● **Available data**
= = =
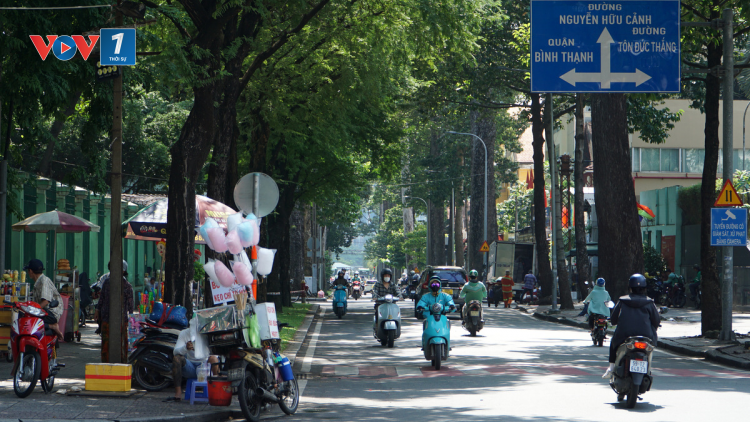 Thêm 41 tuyến đường tại quận trung tâm TP.HCM triển khai thu phí vỉa hè (25/10/2024)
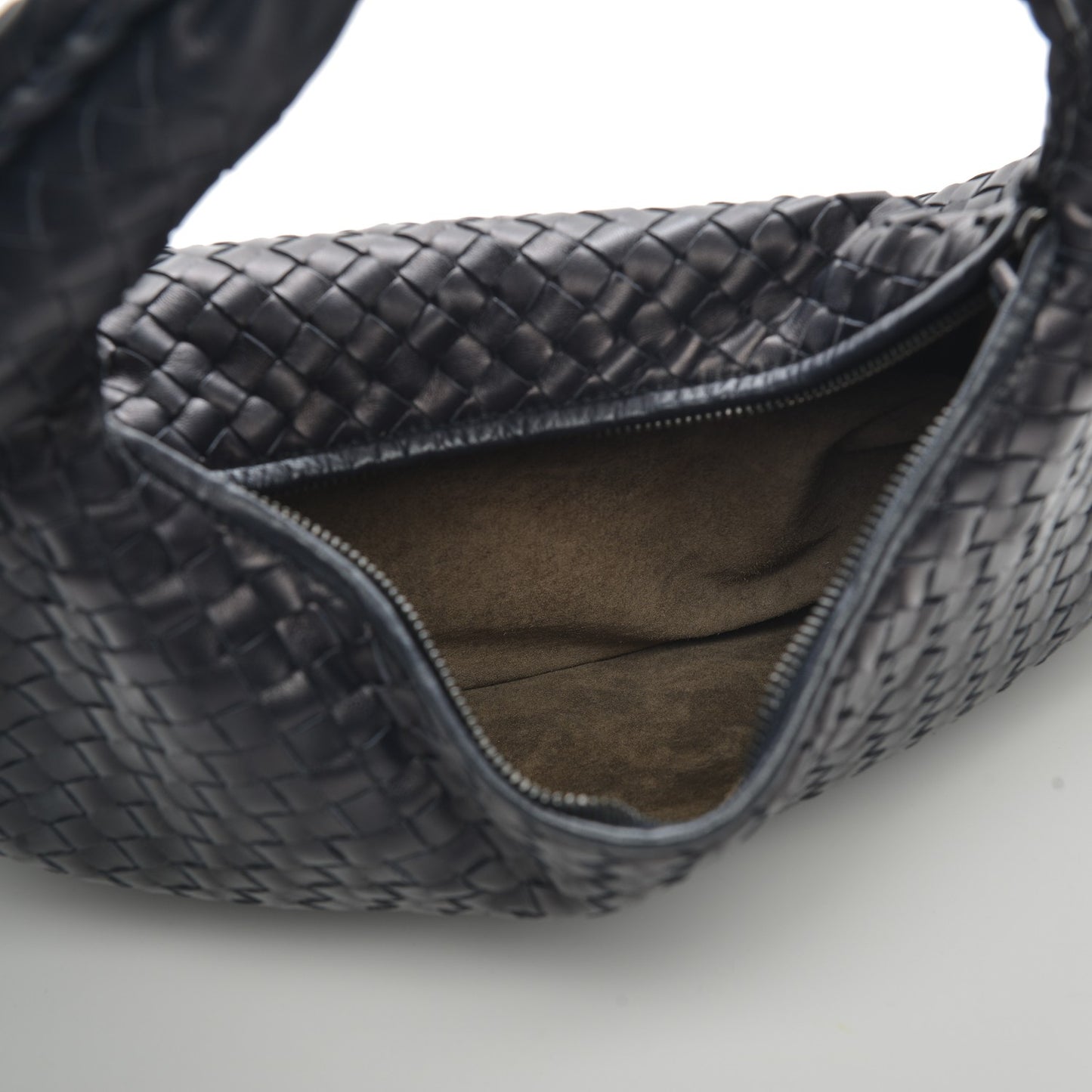 Nappa Intrecciato Medium Veneta Hobo Navy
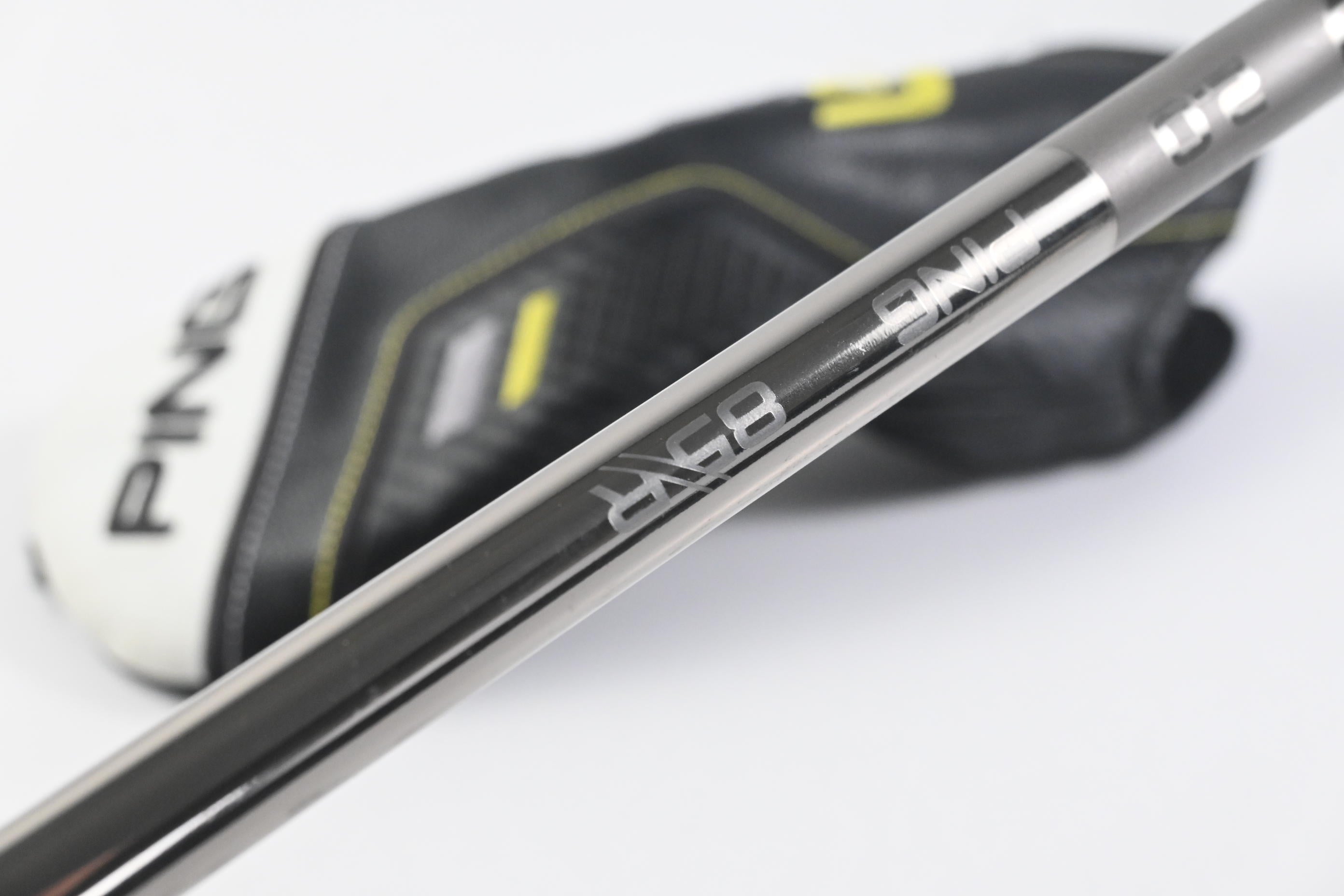 Ping G430 #4 Hybrid / 22 Degree / Regular Flex Ping Tour 2.0 Chrome 85 Shaft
= = =
● **About this exercise**
Exactly repeat the data above; the pictures do not belong in your copy.

● **Your solution**
 Thêm 41 tuyến đường tại quận trung tâm TP.HCM triển khai thu phí vỉa hè (25/10/2024)
 Nappa Intrecciato Medium Veneta Hobo Navy
 Ping G430 #4 Hybrid / 22 Degree / Regular Flex Ping Tour 2.0 Chrome 85 Shaft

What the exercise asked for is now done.